The deal will provide Google with 17,000 Motorola patents and 7,500 patent applications. However, both the European Commission and the U.S. Justice Department have vowed to keep a close eye on the company to ensure the patents that are critical to the telecom industry are licensed at a fair price.
Bloomberg reports:
Antitrust enforcers on both sides of the Atlantic want to prevent companies from gouging rivals when they license patents essential to ensuring different firms' communications devices work together.
"This merger decision should not and will not mean that we are not concerned by the possibility that, once Google is the owner of this portfolio, Google can abuse these patents, linking some patents with its Android devices. This is our worry," EU Competition Commissioner Joaquin Almunia told reporters in Brussels.

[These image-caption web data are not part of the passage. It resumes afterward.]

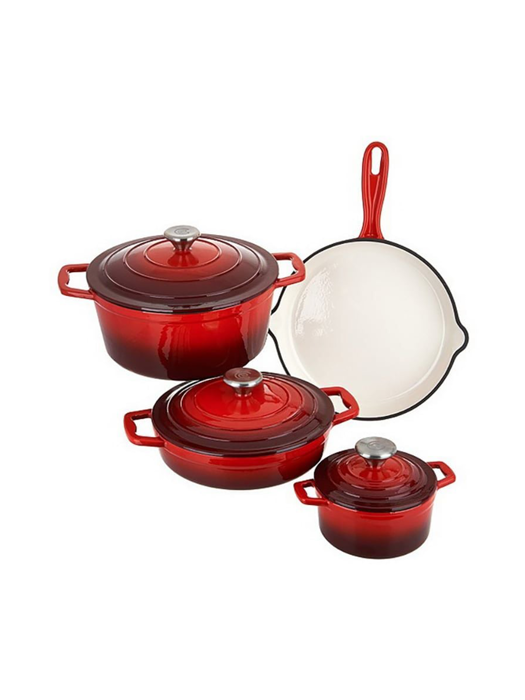 Bộ nồi - chảo gang Xanten tráng men 7 cái (3 nồi, 3 nắp, 1 chảo) màu đỏ - 067489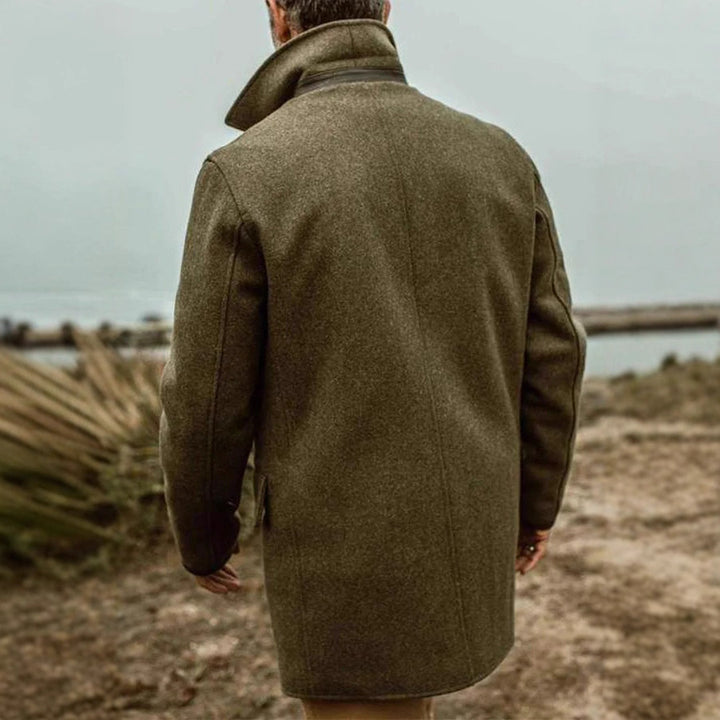 Herren Doppelreihiger Wollmantel im Peacoat-Stil mit breitem Revers Drune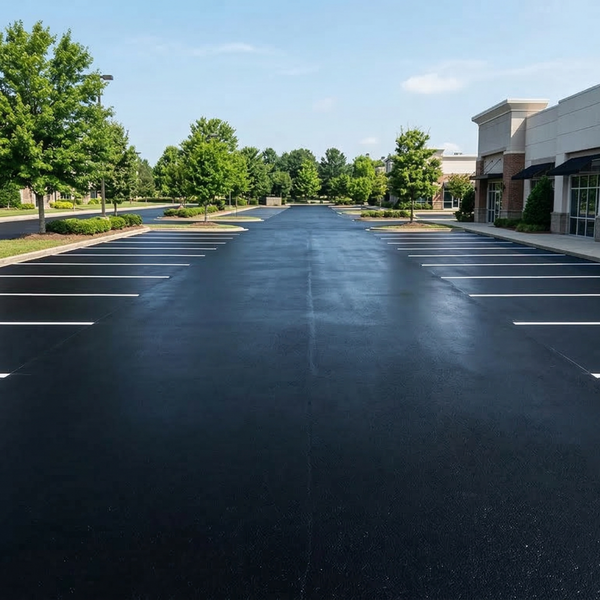 An aerial-view perspective of a clean, professionally sealcoated commercial parking lot with crisp white parking lines.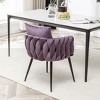 CENGHU Modern Velvet Dining Chairs Set of 2, Hand Weaving Accent Chairs, Upholstered Side Chair with Black Metal Legs - 4 of 4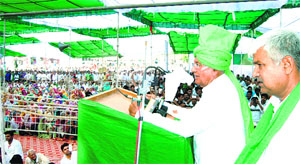INLD supremo OP Chautala addresses a rally at Bhalauth in Rohtak on Thursday.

An Apple-led consortium's bid to secure a wealth of 6,000 patents from the bankrupt Nortel Networks for $4.5 billion was also given the go-ahead by the U.S. Justice Department. However, it seems there is more concern that Google's patents will be abused that those acquired by Apple:
The U.S. Justice Department said it was reassured by Apple's and Microsoft's public statements that they would not seek injunctions in filing infringement lawsuits based on the Nortel patents.
"Google's commitments have been less clear," the Justice Department added in a statement. "The division determined that the acquisition of the patents by Google did not substantially lessen competition, but how Google may exercise its patents in the future remains a significant concern."
While this "significant concern" is not enough to block the move, there's no doubt that regulators will keep a close eye on Google's buyout. In a statement on its website, the Justice Department stated that it "will not hesitate to take appropriate enforcement action to stop any anticompetitive use of SEP rights."
Google still needs approval from China, Israel, and Taiwan to complete its buyout of Motorola Mobility, so the deal isn't quite concrete just yet.
Do you think Google will attempt to use its patents for evil, or is this "significant concern" just unnecessary?